Computer scientists like Fei-Fei Li, the Stanford professor famous for inventing ImageNet, and Yann LeCun, Meta’s chief AI scientist, are building what they call “world models.”

Unlike large-language models, which determine outputs based on statistical relationships between words and phrases, world models predict events by mimicking the mental constructs that humans make of the world around them.

“Language doesn’t exist in nature,” Li said on a recent episode of Andreessen Horowitz’s a16z podcast. “Humans,” she said, “not only do we survive, live, and work, but we build civilization beyond language.”
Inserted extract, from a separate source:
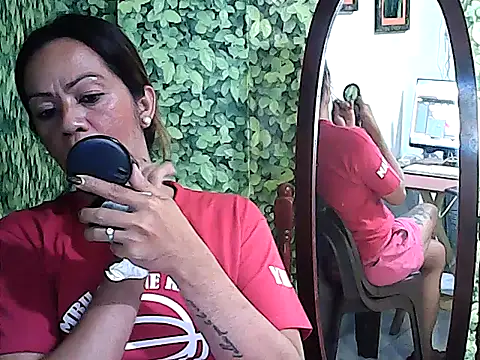 Snapshot of yummy_21xxx chatting on 11.20.25 yummy 21xxx online show from 11.20.25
Computer scientist and MIT professor, Jay Wright Forrester, in his 1971 paper “Counterintuitive Behavior of Social Systems,” explained why mental models are crucial to human behavior:

Each of us uses models constantly. Every person in private life and in business instinctively uses models for decision making. The mental images in one’s head about one’s surroundings are models. One’s head does not contain real families, businesses, cities, governments, or countries. One uses selected concepts and relationships to represent real systems. A mental image is a model. All decisions are taken on the basis of models. All laws are passed on the basis of models. All executive actions are taken on the basis of models. The question is not to use or ignore models. The question is only a choice among alternative models.
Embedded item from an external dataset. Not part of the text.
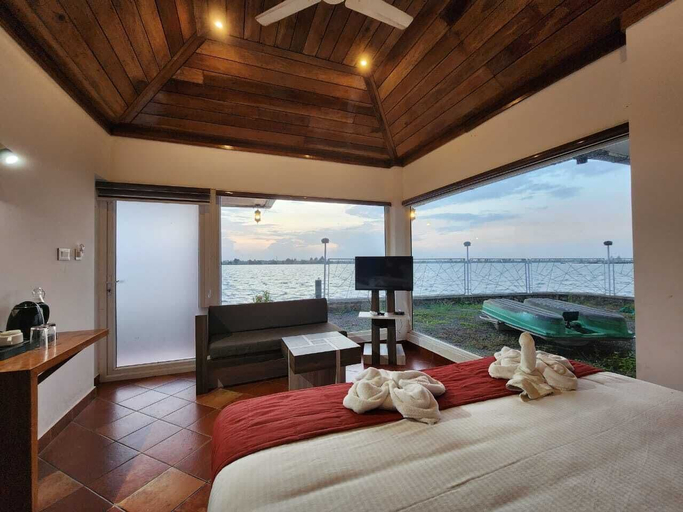 Room 4, MIRAS PMC Lakeshore Resort, Alappuzha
If AI is to meet or surpass human intelligence, then the researchers behind it believe it should be able to make mental models, too.

Li has been working on this through World Labs, which she cofounded in 2024 with an initial backing of $230 million from venture firms like Andreessen Horowitz, New Enterprise Associates, and Radical Ventures. “We aim to lift AI models from the 2D plane of pixels to full 3D worlds — both virtual and real — endowing them with spatial intelligence as rich as our own,” World Labs says on its website.

Li said on the No Priors podcast that spatial intelligence is “the ability to understand, reason, interact, and generate 3D worlds,” given that the world is fundamentally three-dimensional.

Li said she sees applications for world models in creative fields, robotics, or any area that warrants infinite universes. Like Meta, Anduril, and other Silicon Valley heavyweights, that could mean advances in military applications by helping those on the battlefield better perceive their surroundings and anticipate their enemies’ next moves.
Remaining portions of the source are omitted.